» **ASSIGNMENT**
A verbatim copy is needed of the lines below from the one containing "Lsu Tigers 46" up to and including the one containing "VENTAJAS / BENEFICIOS", excluding pictures.
Top of DATASET EXTRACT
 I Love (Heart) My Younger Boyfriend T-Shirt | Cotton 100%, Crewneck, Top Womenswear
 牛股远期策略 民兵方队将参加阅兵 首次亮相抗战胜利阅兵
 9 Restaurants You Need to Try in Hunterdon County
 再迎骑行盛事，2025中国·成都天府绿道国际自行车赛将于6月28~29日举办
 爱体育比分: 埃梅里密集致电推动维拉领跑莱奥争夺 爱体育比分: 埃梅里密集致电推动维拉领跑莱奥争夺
Bottom of DATASET EXTRACT
Top of DATASET EXTRACT
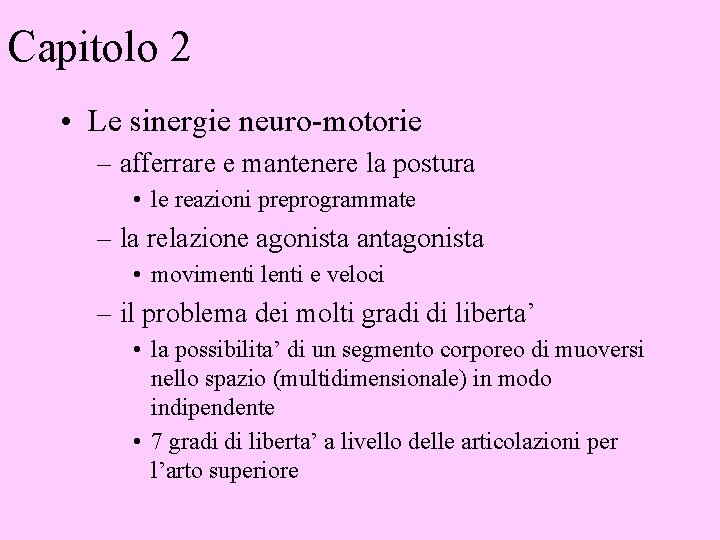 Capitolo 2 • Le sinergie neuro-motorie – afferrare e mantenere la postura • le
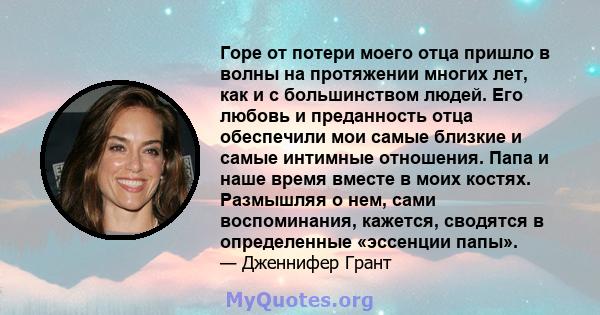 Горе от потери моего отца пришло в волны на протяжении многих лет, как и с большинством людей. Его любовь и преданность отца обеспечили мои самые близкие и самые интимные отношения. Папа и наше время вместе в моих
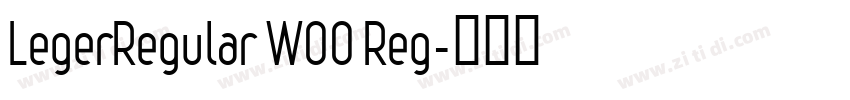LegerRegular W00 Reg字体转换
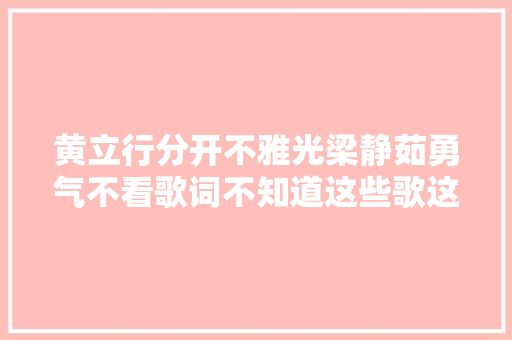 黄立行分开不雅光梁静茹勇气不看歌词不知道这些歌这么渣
Bottom of DATASET EXTRACT
Top of DATASET EXTRACT
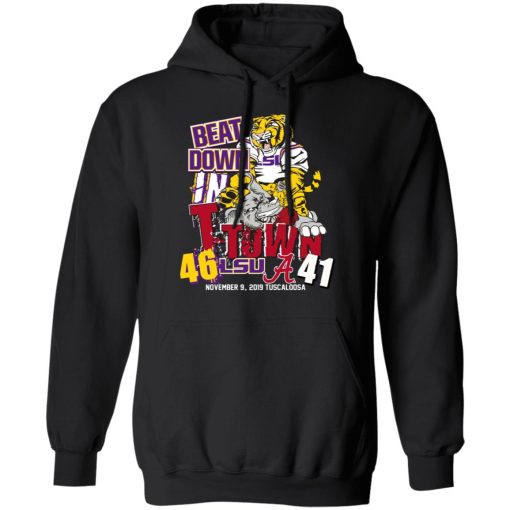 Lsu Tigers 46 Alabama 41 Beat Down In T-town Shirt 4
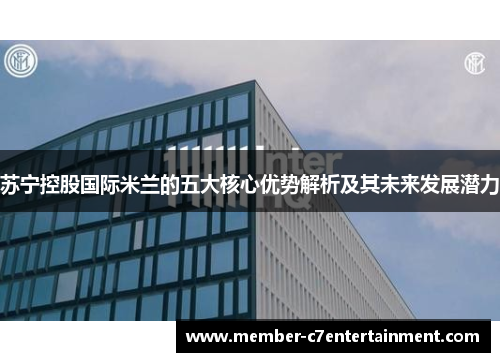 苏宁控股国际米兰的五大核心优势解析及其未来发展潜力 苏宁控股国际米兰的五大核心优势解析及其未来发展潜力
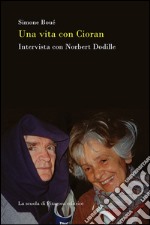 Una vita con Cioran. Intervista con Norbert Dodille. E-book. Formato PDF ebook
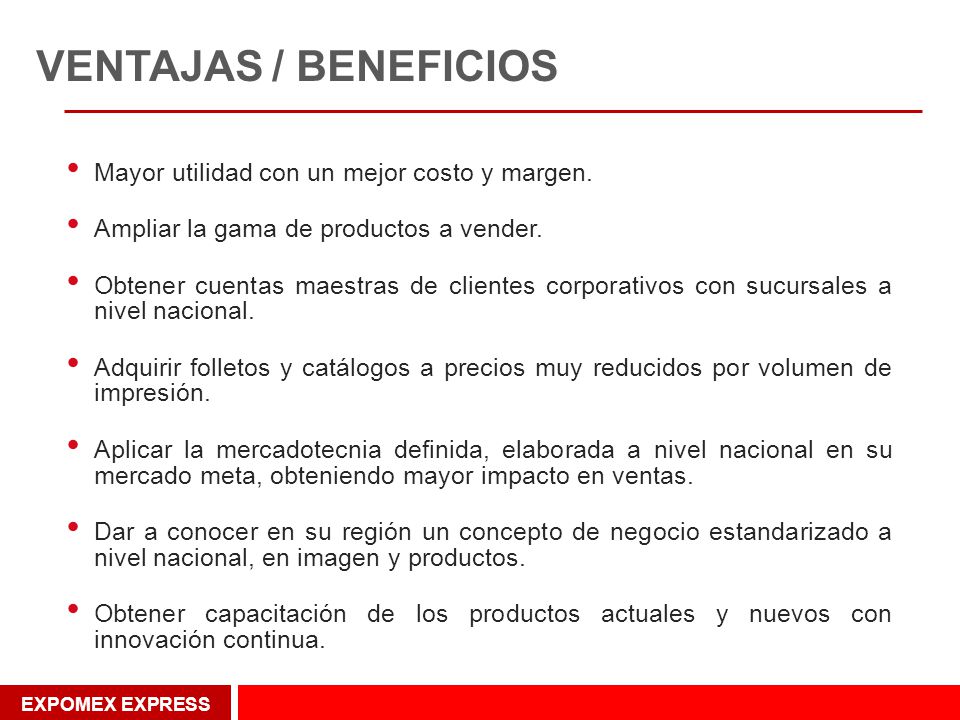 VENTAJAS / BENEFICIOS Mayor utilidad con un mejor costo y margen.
Bottom of DATASET EXTRACT
» **ANSWER TO THIS TASK**
 Lsu Tigers 46 Alabama 41 Beat Down In T-town Shirt 4
 苏宁控股国际米兰的五大核心优势解析及其未来发展潜力 苏宁控股国际米兰的五大核心优势解析及其未来发展潜力
 Una vita con Cioran. Intervista con Norbert Dodille. E-book. Formato PDF ebook
 VENTAJAS / BENEFICIOS Mayor utilidad con un mejor costo y margen.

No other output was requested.